Permission granted for controversial €160m waste incinerator in Ringaskiddy

Permission granted for controversial €160m waste incinerator in Ringaskiddy
An artist's impression, supplied by Indaver, of what the company says its proposed incinerator will look like in Ringaskiddy.

PLANNING Permission has been granted for a controversial waste incinerator in Ringaskiddy.

An Bord Pleanála wrote to the applicants and opponents this morning informing them of their decision to grant permission for the development.

The decision follows years of applications and appeals as the development has faced huge opposition from residents in the local harbour.

The controversial €160m waste facility, to be built by Indaver, will process 240,000 tonnes of waste every year.

The latest planning application was lodged in January 2016 with an oral hearing taking place in April and May of that year.

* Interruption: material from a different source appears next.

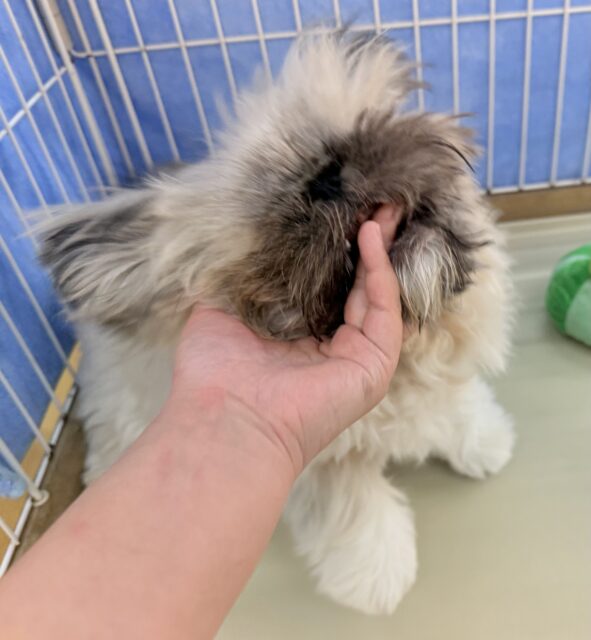 最新📷元気いっぱい!抱っこ大好きなペキニーズくん! ペキニーズ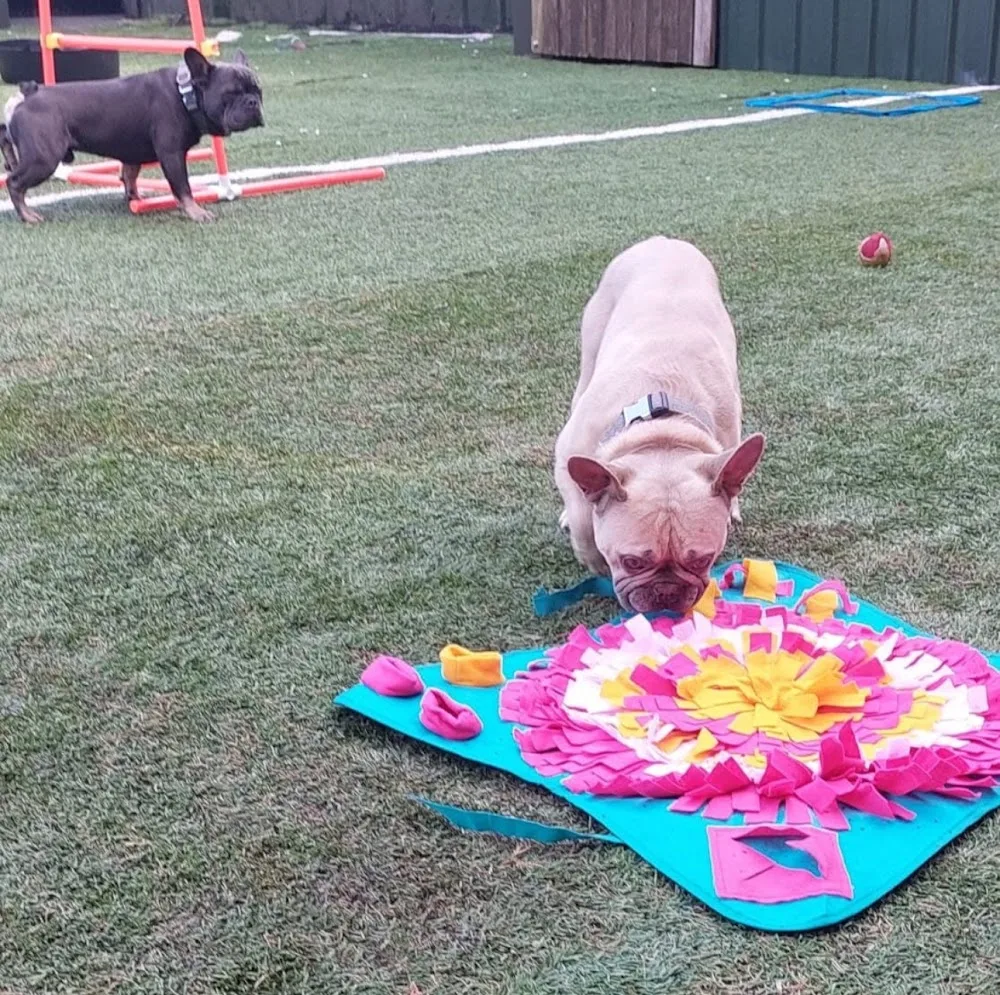 FM Boarding Kennels - Staffordshire pet otel görseli 3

The ruling was initially expected in July 2016 but was delayed on numerous occasion.

It is the third time since 2001 that Indaver has applied to build an incinerator in Ringaskiddy.

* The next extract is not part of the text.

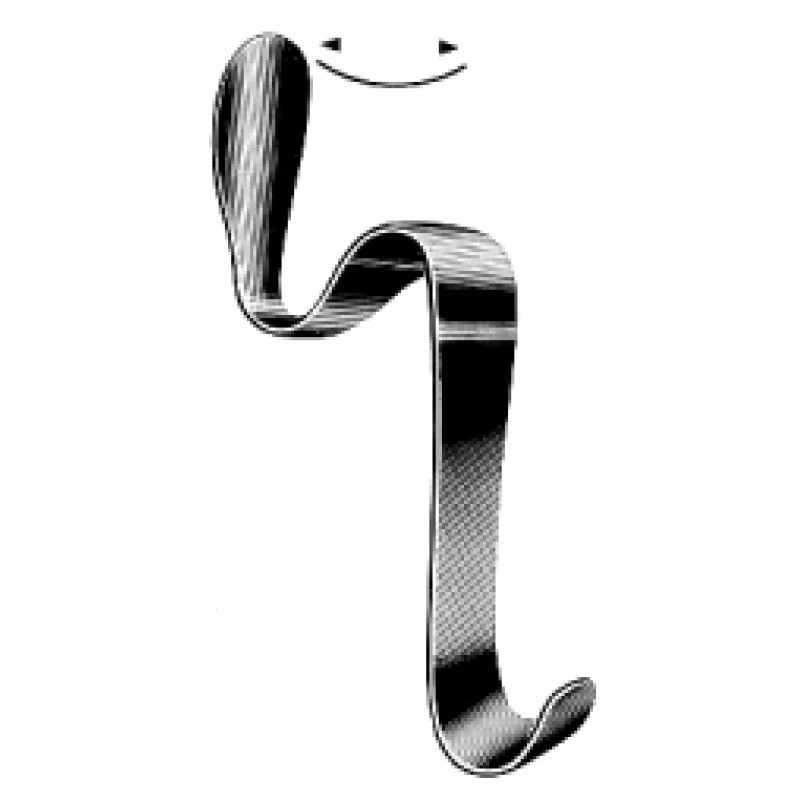 Text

Mary O'Leary of the CHASE group, who had fought a long battle against the incinerator plan, said she was shocked to find out the development this morning.

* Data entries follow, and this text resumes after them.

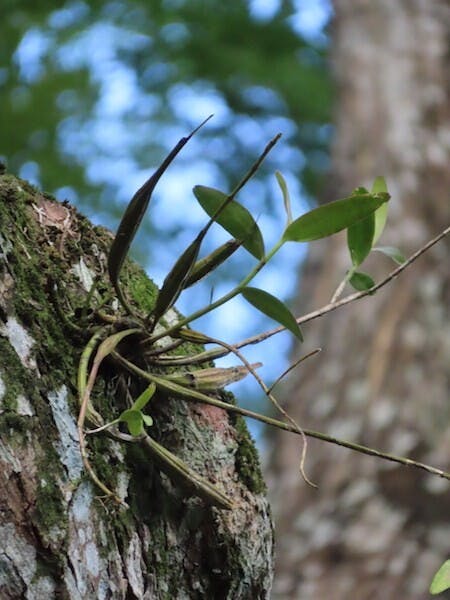 圖二：木石斛（Dendrobium crumenatum）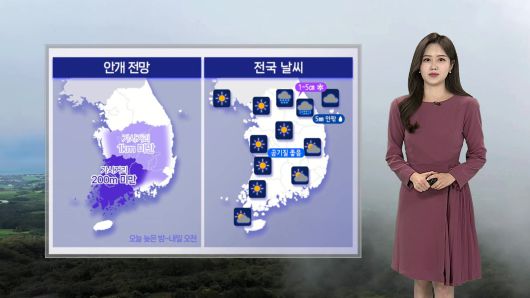 연합뉴스TV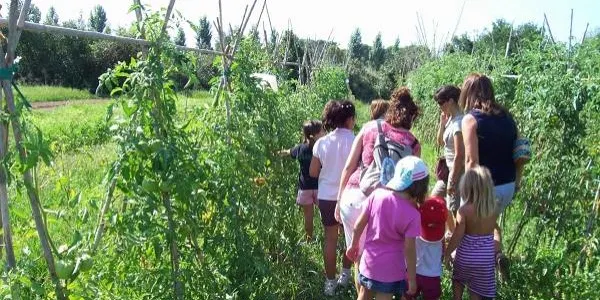 La distinció de l'Hort de la Sínia com a Centre Blau, un reconeixement simbòlic a una feina ben feta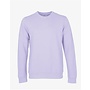 Classic Organic Crew in Soft Lavender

She said: "This is terrible - I am shocked. We had been absolutely hoping for an outright refusal."

She said CHASE will be meeting with their legal team to discuss the possibility of seeking a judicial review of the An Bord Pleanála decision.

Cork’s Green Party also objected to the incinerator and said they are disappointed by the decision.

Speaking this morning the party's representative in Cork South Central, Lorna Bogue, said:"I am extremely disappointed in this decision by An Bórd Pleanála.

“They were provided with several strong environmental reasons as to why this facility was not suited to this site.

"In my own submission, I highlighted the fact that Ireland does not, in fact, produce enough waste to keep this incinerator open.” Independent county councillor Marcia D'Alton said: "I am absolutely devastated. We have been 17 years fighting this."

"It is a very, very sad morning. Since we began fighting this 17 years ago, Spike Island has become one of the most recognised tourist attractions in the world - it is just 750 metres away from the planned incinerator. What does this mean for Spike?

"An Bord Pleanála has made a very wrong decision."